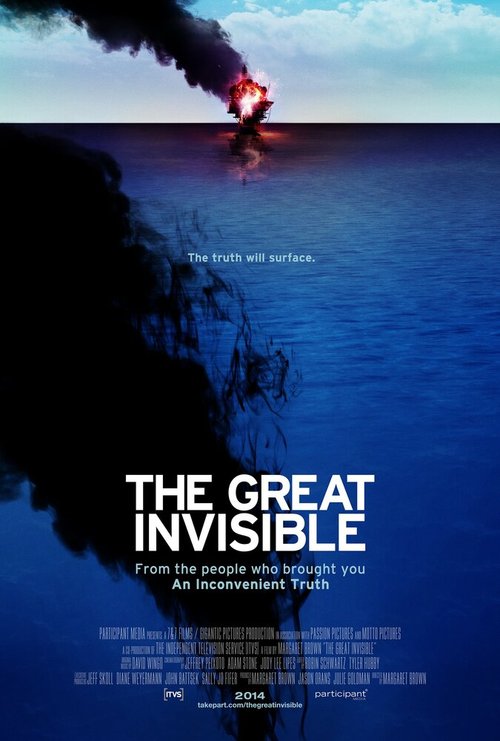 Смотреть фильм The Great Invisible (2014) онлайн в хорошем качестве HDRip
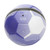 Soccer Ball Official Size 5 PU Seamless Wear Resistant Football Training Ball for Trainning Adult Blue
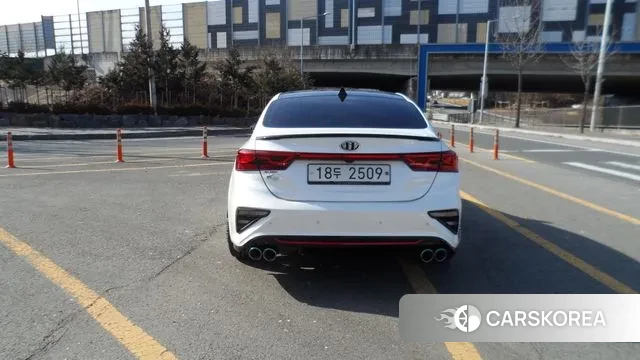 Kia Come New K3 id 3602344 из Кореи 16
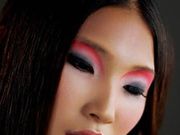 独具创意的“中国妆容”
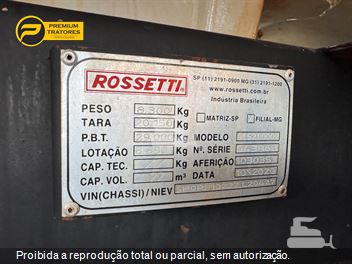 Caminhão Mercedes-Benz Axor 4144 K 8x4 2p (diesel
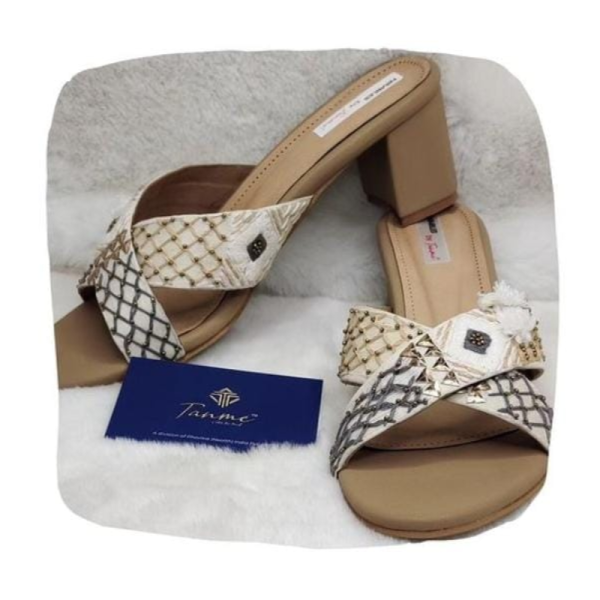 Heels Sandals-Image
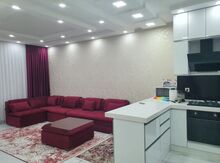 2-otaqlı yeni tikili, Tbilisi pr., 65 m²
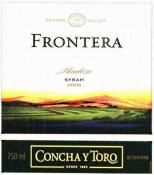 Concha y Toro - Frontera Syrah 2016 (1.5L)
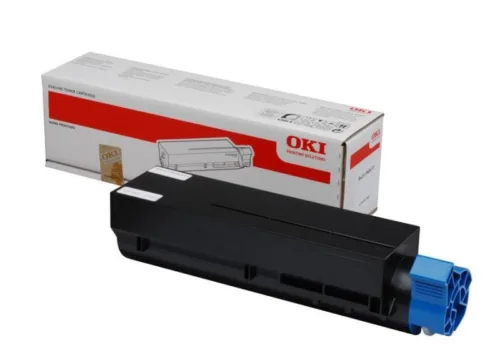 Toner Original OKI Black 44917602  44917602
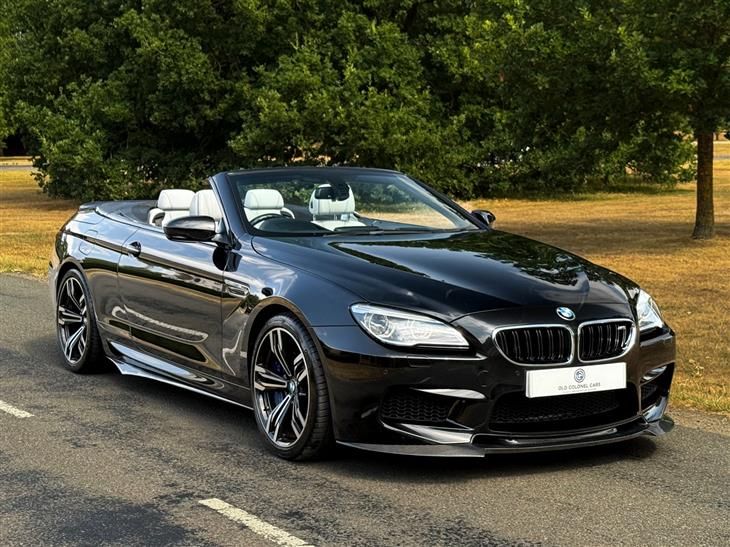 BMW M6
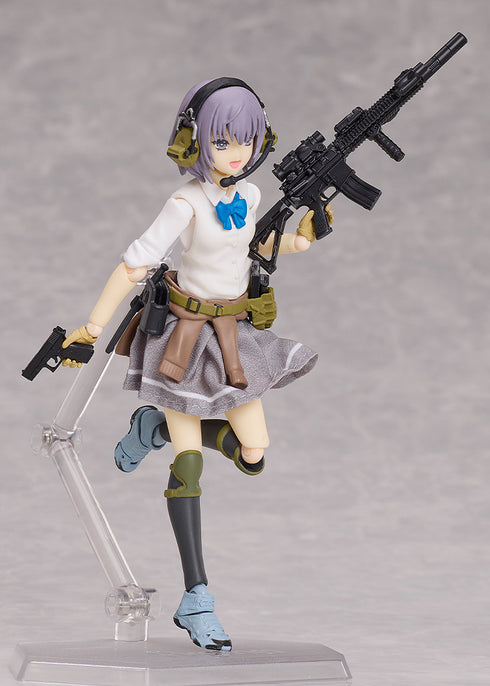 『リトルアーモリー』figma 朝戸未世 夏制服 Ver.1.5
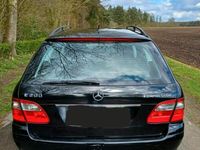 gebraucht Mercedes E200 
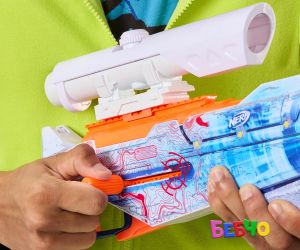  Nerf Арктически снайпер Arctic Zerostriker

________

The complete set of records should be written out again, pictures excluded.

 Смотреть фильм The Great Invisible (2014) онлайн в хорошем качестве HDRip
 Soccer Ball Official Size 5 PU Seamless Wear Resistant Football Training Ball for Trainning Adult Blue
 Kia Come New K3 id 3602344 из Кореи 16
 独具创意的“中国妆容”
 Caminhão Mercedes-Benz Axor 4144 K 8x4 2p (diesel
 Heels Sandals-Image
 2-otaqlı yeni tikili, Tbilisi pr., 65 m²
 Concha y Toro - Frontera Syrah 2016 (1.5L)
 Toner Original OKI Black 44917602  44917602
 BMW M6
 『リトルアーモリー』figma 朝戸未世 夏制服 Ver.1.5
 gebraucht Mercedes E200 
  Nerf Арктически снайпер Arctic Zerostriker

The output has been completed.